» **DATA EXTRACT**
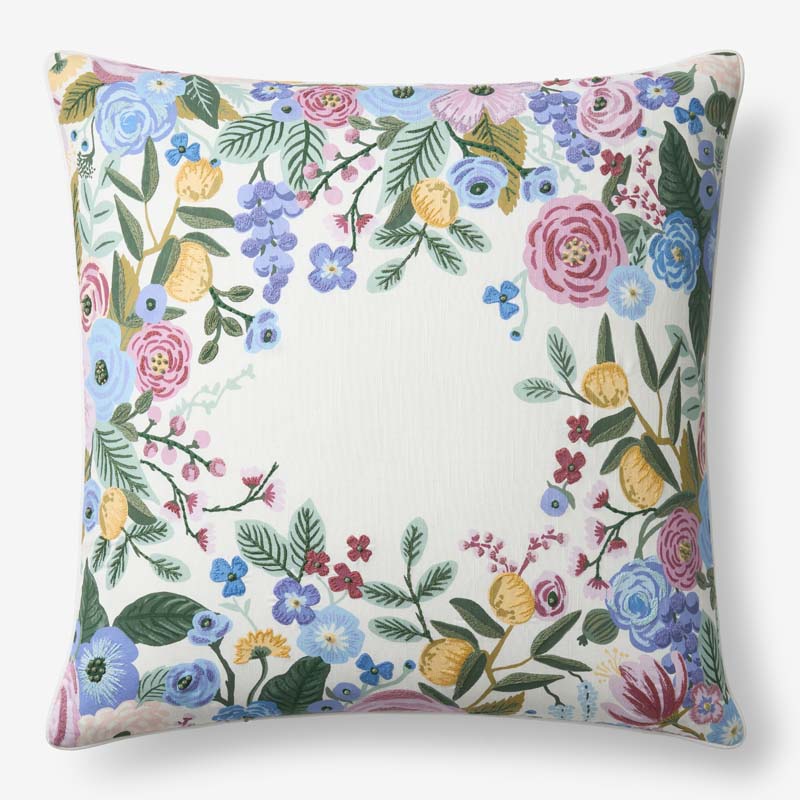 Garden Party Embroidered Decorative Square Pillow Cover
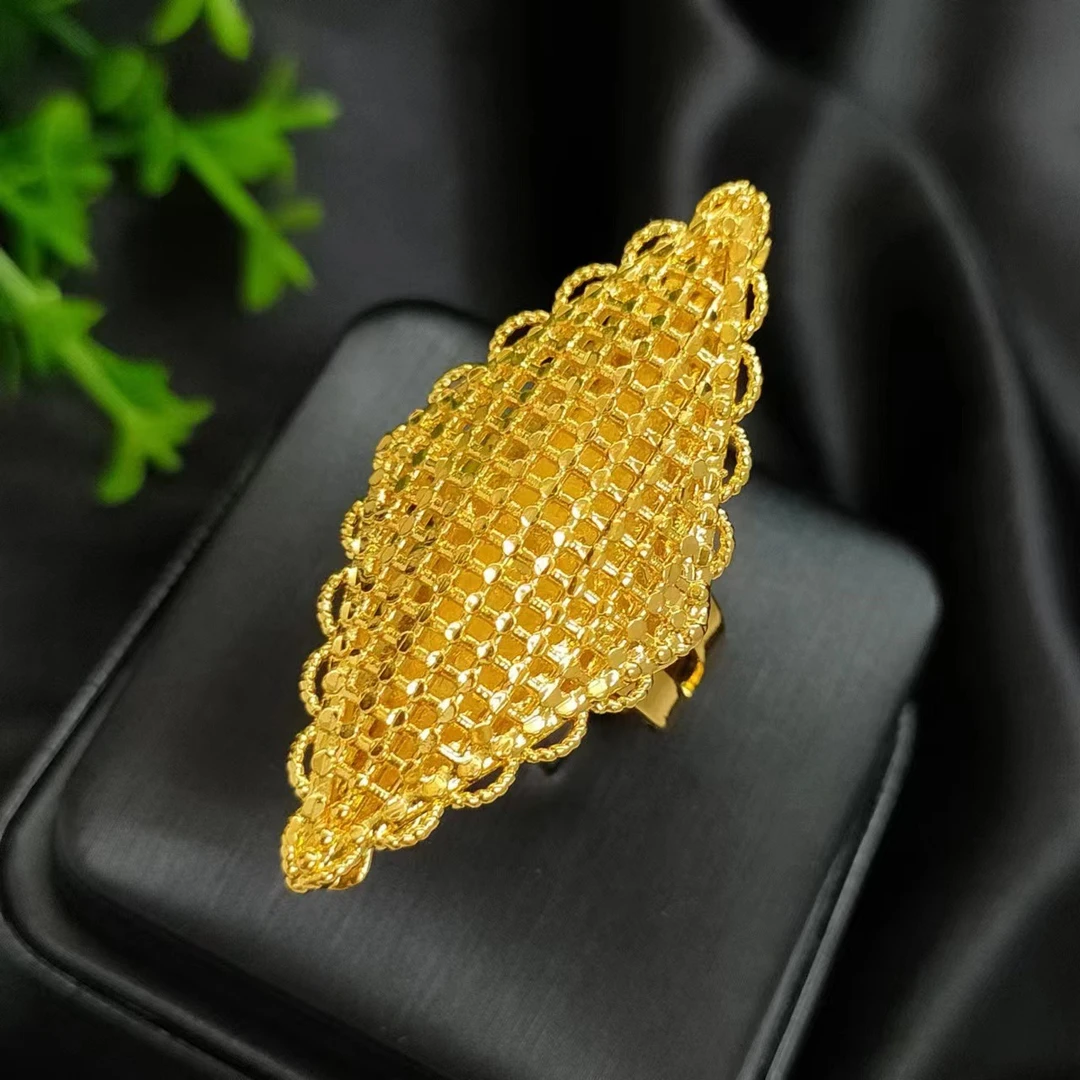 铜合金戒指 【古米】1/3中迪拜奢华24铜合金雕花圆戒指指环开口可调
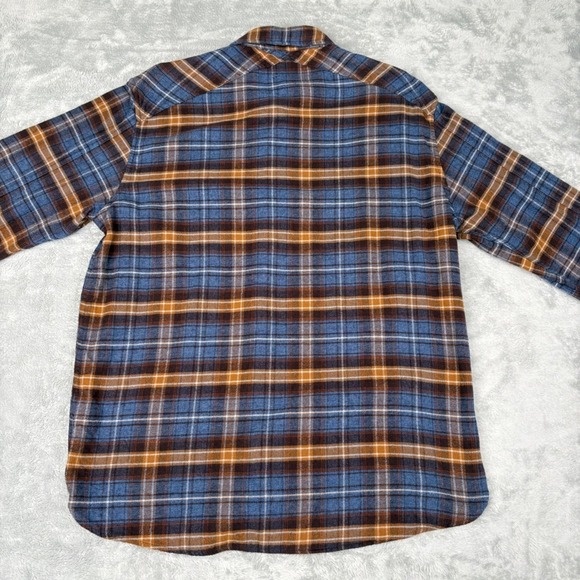 Pendleton Men's Flannel Medium Blue Brown Plaid Button Down Shirt - Picture 6 of 16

» **EXERCISE GOAL**
Once the images are dropped, set down the remaining material word for word.

» **ANSWER**
 Garden Party Embroidered Decorative Square Pillow Cover
 铜合金戒指 【古米】1/3中迪拜奢华24铜合金雕花圆戒指指环开口可调
 Pendleton Men's Flannel Medium Blue Brown Plaid Button Down Shirt - Picture 6 of 16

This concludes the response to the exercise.